About Wippy
Wippy is an agentic platform and runtime for software that needs to change while it's running—automation systems, AI agents, plugin architectures, and similar applications where the core gets engineered once and then adapted repeatedly without rebuilding or redeploying.
The foundation is the actor model. Code runs in isolated processes that communicate through messages, each managing its own state. When something fails, it fails in isolation. Supervision trees handle recovery automatically, restarting processes when they crash.
local worker = process.spawn("app.workers:handler", "app:processes")
process.send(worker, "task", {id = 1, data = payload})
process.monitor(worker)
Configuration lives in a central registry that propagates changes as events. Update a config file, and running processes receive the changes. They adapt without restarts—new connections, updated behavior, whatever you need—while the system keeps running.
local db = registry.get("app.db:postgres")
local cache = registry.get("app.cache:redis")
For operations that must survive infrastructure failures—payment flows, multi-step workflows, long-running agent tasks—the runtime persists state automatically. Server dies mid-operation? The workflow resumes on another machine, right where it stopped.
The whole system runs from a single file. No containers to orchestrate, no services to coordinate. One binary, one config, and the runtime handles the rest.
Background
The actor model comes from Erlang, where it's been running telecom switches since the 1980s. The "let it crash" philosophy—isolate failures, restart fast—comes from there too. Go showed that channels and message-passing can make concurrent code readable. Temporal proved that durable workflows don't have to mean fighting the framework.

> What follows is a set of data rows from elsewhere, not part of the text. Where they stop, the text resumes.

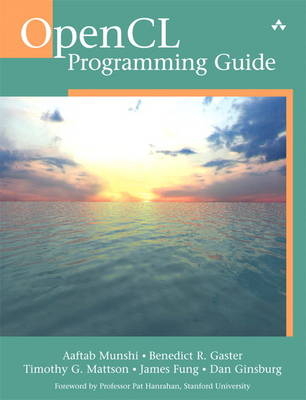 OpenCL Programming Guide - Aaftab Munshi, Benedict Gaster, Timothy Mattson, James Fung, Dan Ginsburg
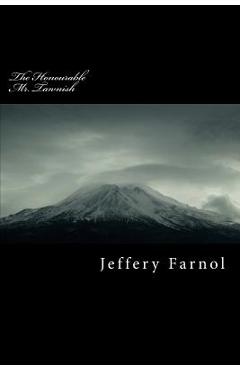 Coperta cărții 'The Honourable Mr. Tawnish - Jeffery Farnol'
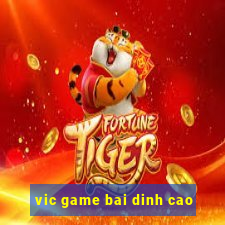 vic game bai dinh cao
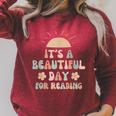 Its a Beautiful Day For Reading Book Lover Reader Bookworm Raglan Sleeve Sweatshirt Heather Dust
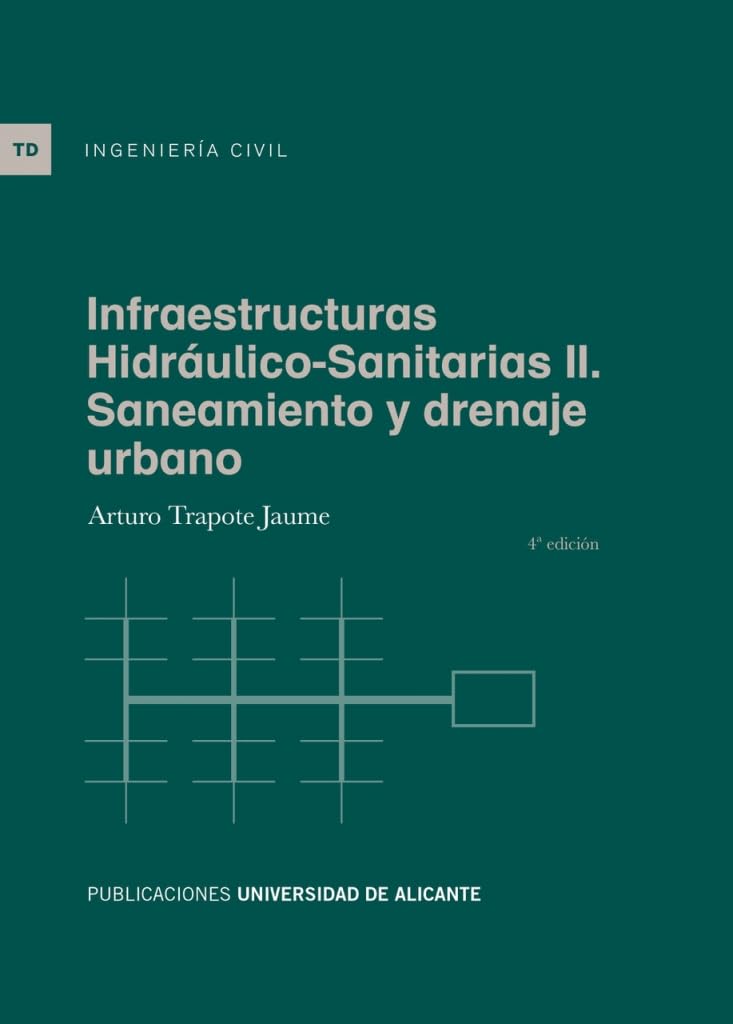 Libro: Infraestructuras hidráulico-sanitarias II. Saneamiento y drenaje urbano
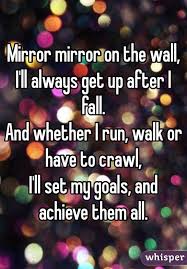 Click through the image to learn more about me. Mirror Mirror On The Wall I Ll Always Get Up After I Fall And Whether I Run Walk Or Have To Crawl I Ll Set My Goals Andach Mirror Wall True Quotes Pep Talks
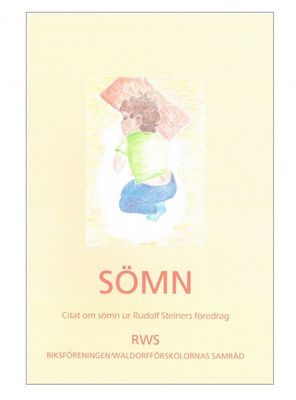 Sömn - Citat om sömn, Rudolf Steiner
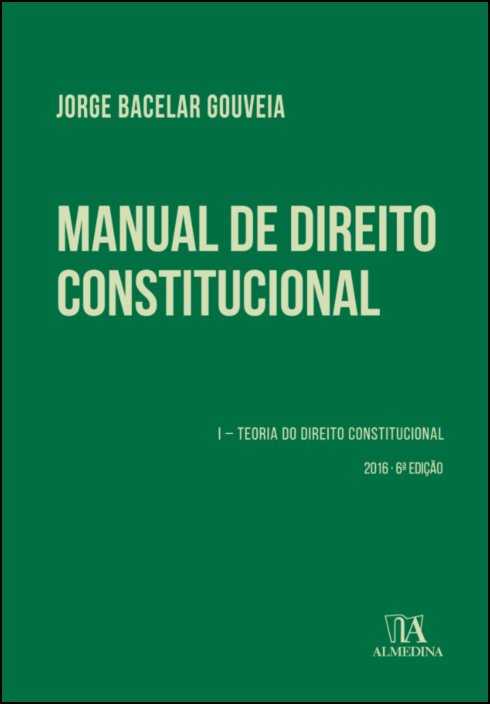 Manual de Direito Constitucional - Volume I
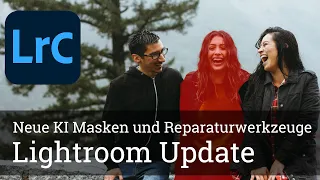 Neue KI Masken und Reparaturwerkzeuge im Lightroom Update V12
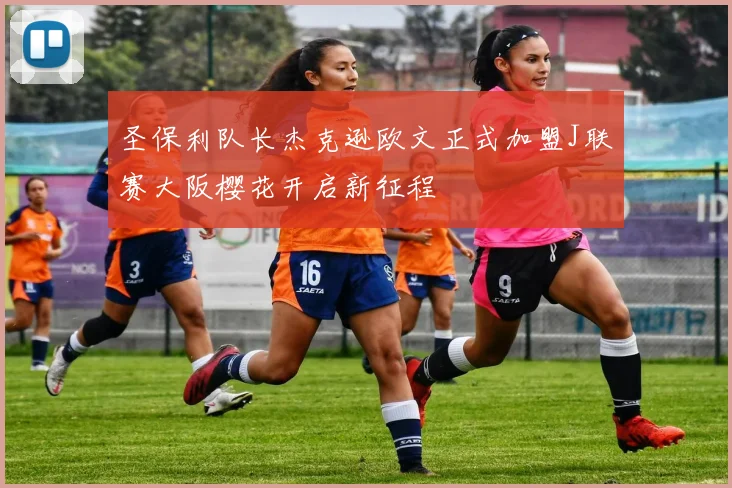 圣保利队长杰克逊欧文正式加盟J联赛大阪樱花开启新征程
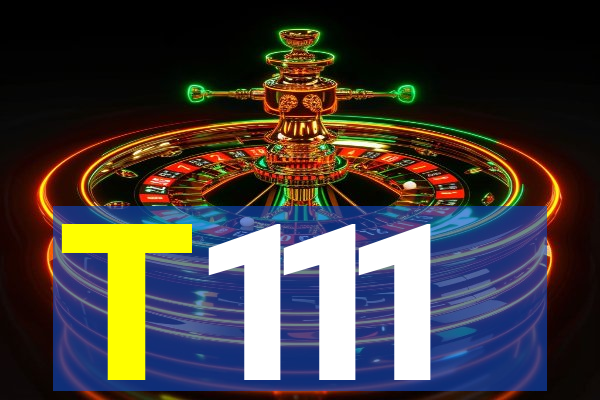 T111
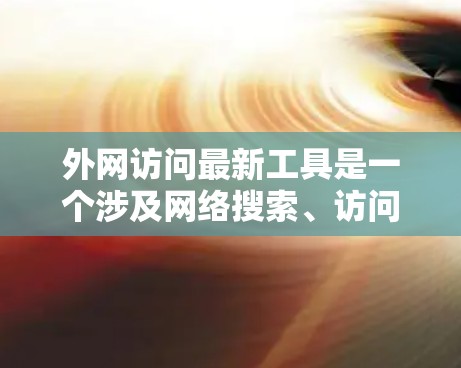 外网访问最新工具是一个涉及网络搜索、访问外部资源、或进行其他在线功能的工具。以下是一些最新的外网访问工具，供您参考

We built Wippy because AI agents need infrastructure that can change while they're running. New tools, updated prompts, different models—these can't wait for a deploy cycle. When an agent needs to try a new approach, that change should work in seconds, not after a release.
Since agents run as actors with registry access, they can make these changes themselves—generating code, registering new components, adjusting their own workflows. Given sufficient permissions, an agent can improve how it works without human intervention. The system can write itself.